Data listing —
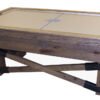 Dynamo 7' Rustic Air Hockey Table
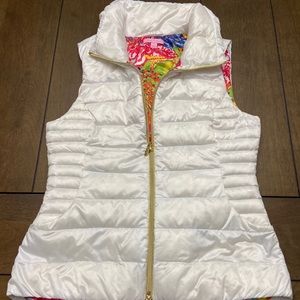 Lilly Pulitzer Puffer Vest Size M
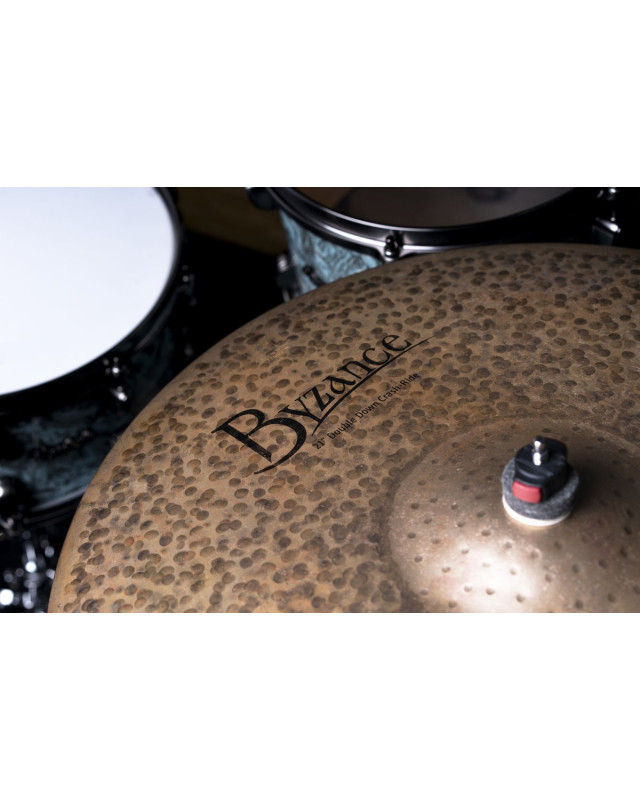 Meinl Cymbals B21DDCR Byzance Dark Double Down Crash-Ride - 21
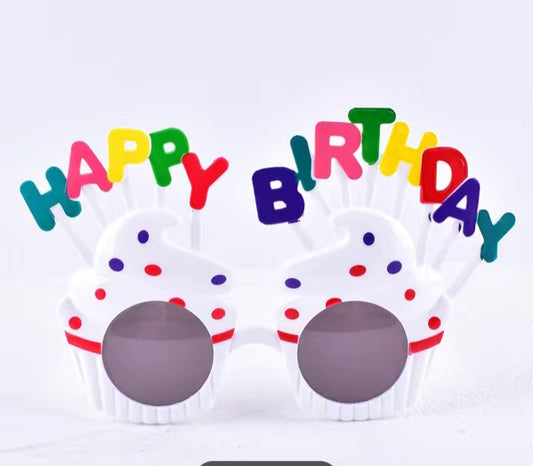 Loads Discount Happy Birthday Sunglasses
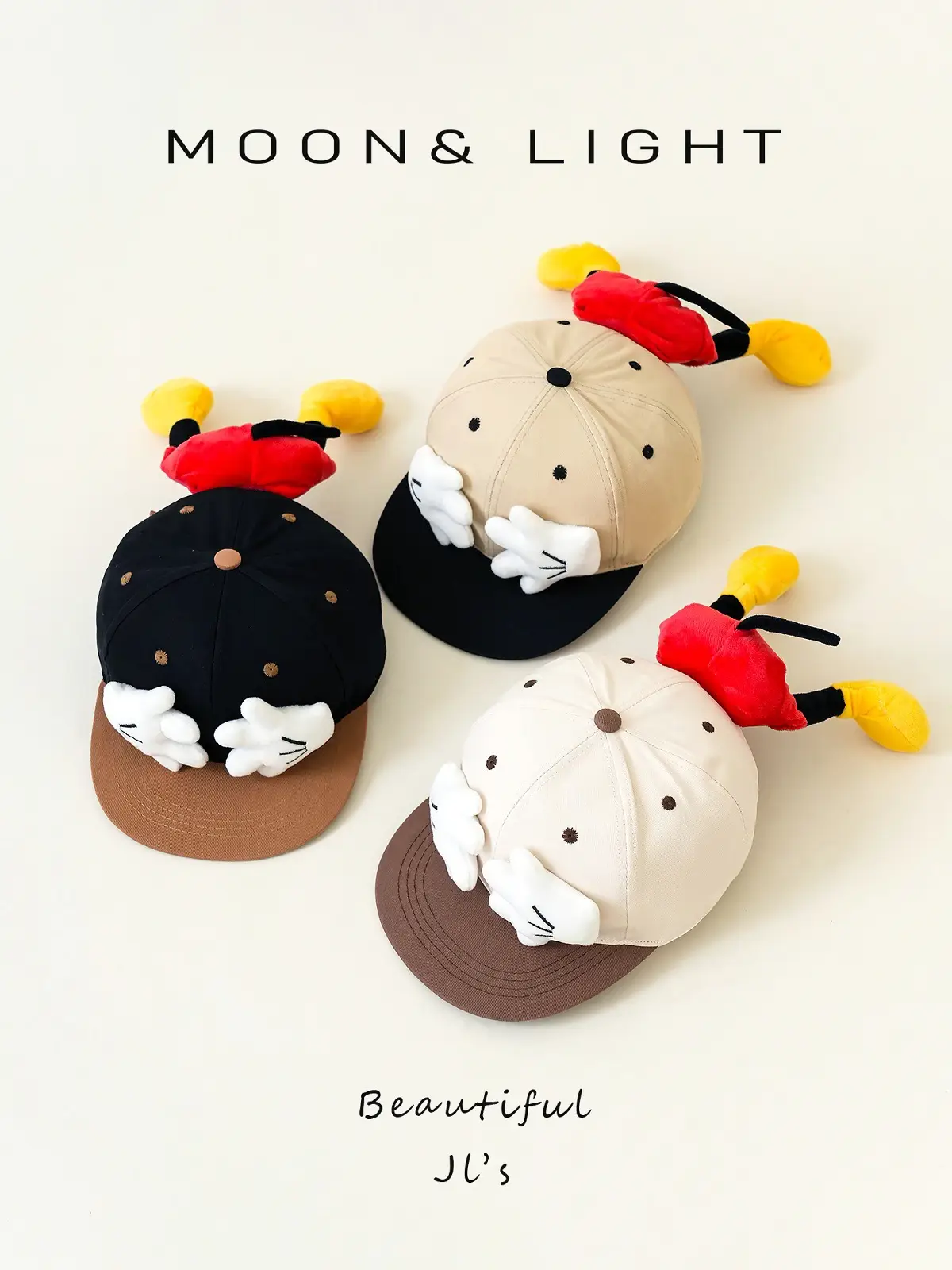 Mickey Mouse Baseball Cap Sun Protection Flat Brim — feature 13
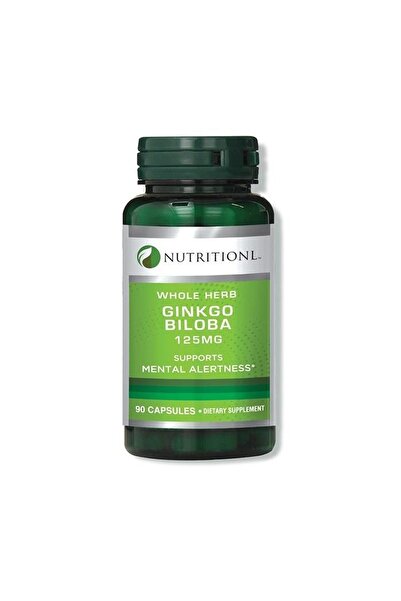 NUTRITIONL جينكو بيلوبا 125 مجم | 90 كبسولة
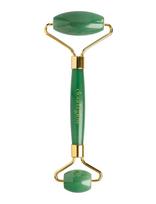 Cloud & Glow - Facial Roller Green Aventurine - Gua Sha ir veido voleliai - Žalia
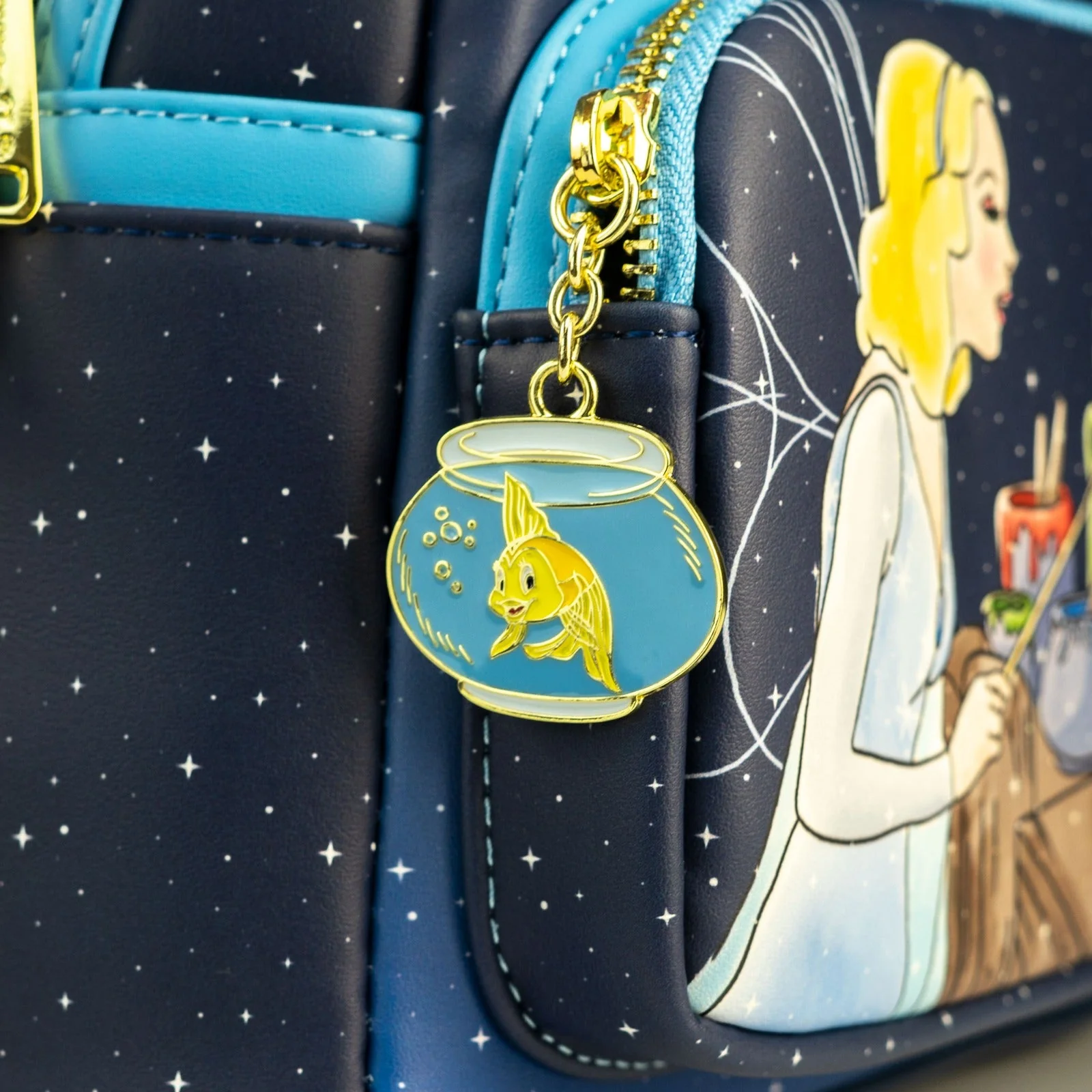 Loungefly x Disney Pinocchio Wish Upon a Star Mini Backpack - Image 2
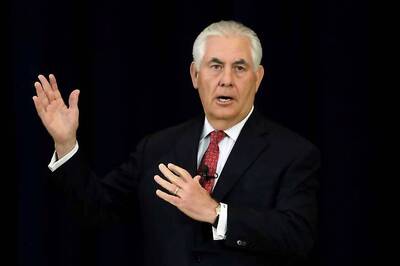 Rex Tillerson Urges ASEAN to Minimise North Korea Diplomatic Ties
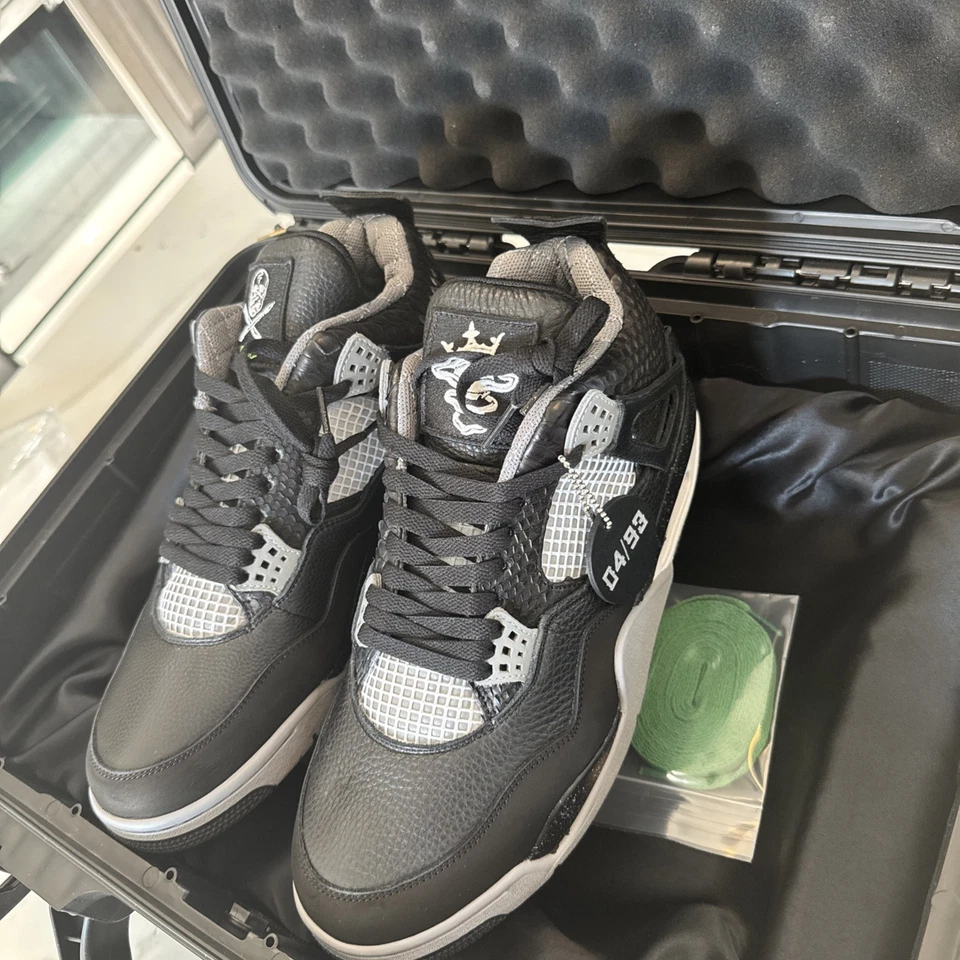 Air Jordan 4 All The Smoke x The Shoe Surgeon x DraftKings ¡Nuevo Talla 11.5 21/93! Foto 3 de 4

What you are asked to do — Copy word for word every line from the one holding "Lilly Pulitzer Puffer Vest Size M" to the end of the listing, both ends included, but do not copy any pictures.

Finished exercise —
 Lilly Pulitzer Puffer Vest Size M
 Meinl Cymbals B21DDCR Byzance Dark Double Down Crash-Ride - 21
 Loads Discount Happy Birthday Sunglasses
 Mickey Mouse Baseball Cap Sun Protection Flat Brim — feature 13
 NUTRITIONL جينكو بيلوبا 125 مجم | 90 كبسولة
 Cloud & Glow - Facial Roller Green Aventurine - Gua Sha ir veido voleliai - Žalia
 Loungefly x Disney Pinocchio Wish Upon a Star Mini Backpack - Image 2
 Rex Tillerson Urges ASEAN to Minimise North Korea Diplomatic Ties
 Air Jordan 4 All The Smoke x The Shoe Surgeon x DraftKings ¡Nuevo Talla 11.5 21/93! Foto 3 de 4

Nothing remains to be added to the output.